During the 13 weeks to 31 July, the group’s revenue, including fuel, was £4.79bn, up by 4.5% from £4.58bn in Q3 2021.
Morrisons said that its group like-for-like (LFL) sales, excluding fuel, fell by 3.1% in the quarter.
In addition, its adjusted earnings before interest, tax, depreciation and amortisation (EBITDA) declined from £356m in Q3 2021 to £177m.
Morrisons chief executive David Potts said: “The speed, scale and severity of cost and energy price increases, exacerbated by the terrible war in Ukraine, had significant impacts through the quarter, but the market is still growing, and the energy price guarantee will ease pressure on consumers.
“We are doing everything we can to keep prices down for customers.
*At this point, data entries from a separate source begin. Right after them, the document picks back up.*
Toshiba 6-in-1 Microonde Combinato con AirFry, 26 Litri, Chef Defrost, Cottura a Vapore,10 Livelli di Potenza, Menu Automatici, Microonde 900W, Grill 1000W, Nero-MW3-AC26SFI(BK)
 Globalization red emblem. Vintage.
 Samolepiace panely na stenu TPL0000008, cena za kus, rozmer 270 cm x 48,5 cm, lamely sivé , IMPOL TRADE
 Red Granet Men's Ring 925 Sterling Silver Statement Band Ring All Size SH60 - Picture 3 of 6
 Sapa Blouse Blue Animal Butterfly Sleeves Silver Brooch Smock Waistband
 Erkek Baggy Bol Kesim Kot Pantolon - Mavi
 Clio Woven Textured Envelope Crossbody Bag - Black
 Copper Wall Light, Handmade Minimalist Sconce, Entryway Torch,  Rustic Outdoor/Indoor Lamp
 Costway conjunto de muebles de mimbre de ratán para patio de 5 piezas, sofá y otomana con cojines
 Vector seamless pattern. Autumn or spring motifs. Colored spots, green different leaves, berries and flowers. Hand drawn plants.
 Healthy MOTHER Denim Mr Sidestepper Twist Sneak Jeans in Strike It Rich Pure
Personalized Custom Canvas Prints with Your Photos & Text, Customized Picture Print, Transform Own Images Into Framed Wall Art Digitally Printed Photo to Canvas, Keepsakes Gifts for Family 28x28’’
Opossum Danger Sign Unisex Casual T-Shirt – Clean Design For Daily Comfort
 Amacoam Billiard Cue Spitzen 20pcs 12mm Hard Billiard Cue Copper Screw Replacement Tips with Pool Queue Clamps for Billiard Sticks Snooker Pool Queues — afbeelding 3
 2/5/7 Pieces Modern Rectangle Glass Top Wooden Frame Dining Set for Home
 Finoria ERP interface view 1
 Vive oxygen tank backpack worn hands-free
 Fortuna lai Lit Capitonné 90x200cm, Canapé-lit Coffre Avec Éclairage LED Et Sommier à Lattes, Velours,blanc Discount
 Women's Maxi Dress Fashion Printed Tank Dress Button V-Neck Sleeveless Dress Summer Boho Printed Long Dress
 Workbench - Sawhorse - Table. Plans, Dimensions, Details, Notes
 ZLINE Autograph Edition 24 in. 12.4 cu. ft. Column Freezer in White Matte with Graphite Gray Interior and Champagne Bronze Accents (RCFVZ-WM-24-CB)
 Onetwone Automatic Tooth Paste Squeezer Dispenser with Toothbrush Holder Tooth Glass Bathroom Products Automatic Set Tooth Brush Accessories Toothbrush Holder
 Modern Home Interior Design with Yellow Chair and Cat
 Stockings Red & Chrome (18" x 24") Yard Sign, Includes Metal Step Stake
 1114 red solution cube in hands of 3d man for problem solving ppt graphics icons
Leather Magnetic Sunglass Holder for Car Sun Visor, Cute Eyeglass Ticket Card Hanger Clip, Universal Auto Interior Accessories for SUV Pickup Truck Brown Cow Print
Last quarter, we introduced one of our biggest ever price cut campaigns and in Q3, we introduced our popular Summer Collector scheme.
“Earlier this week we announced another significant price cut programme across 150 of our most popular products and tomorrow we are launching a timely fuel promotion – with £0.05 a litre off with a £40 spend in store – to help customers with the high cost of motoring.
“I want to thank all Morrisons colleagues for their continued hard work and dedication to helping our customers through an exceptionally difficult period for UK consumers.
“They continue to be a beacon of compassion and consideration – and the affection and appreciation that our customers have for their work are evident every day.”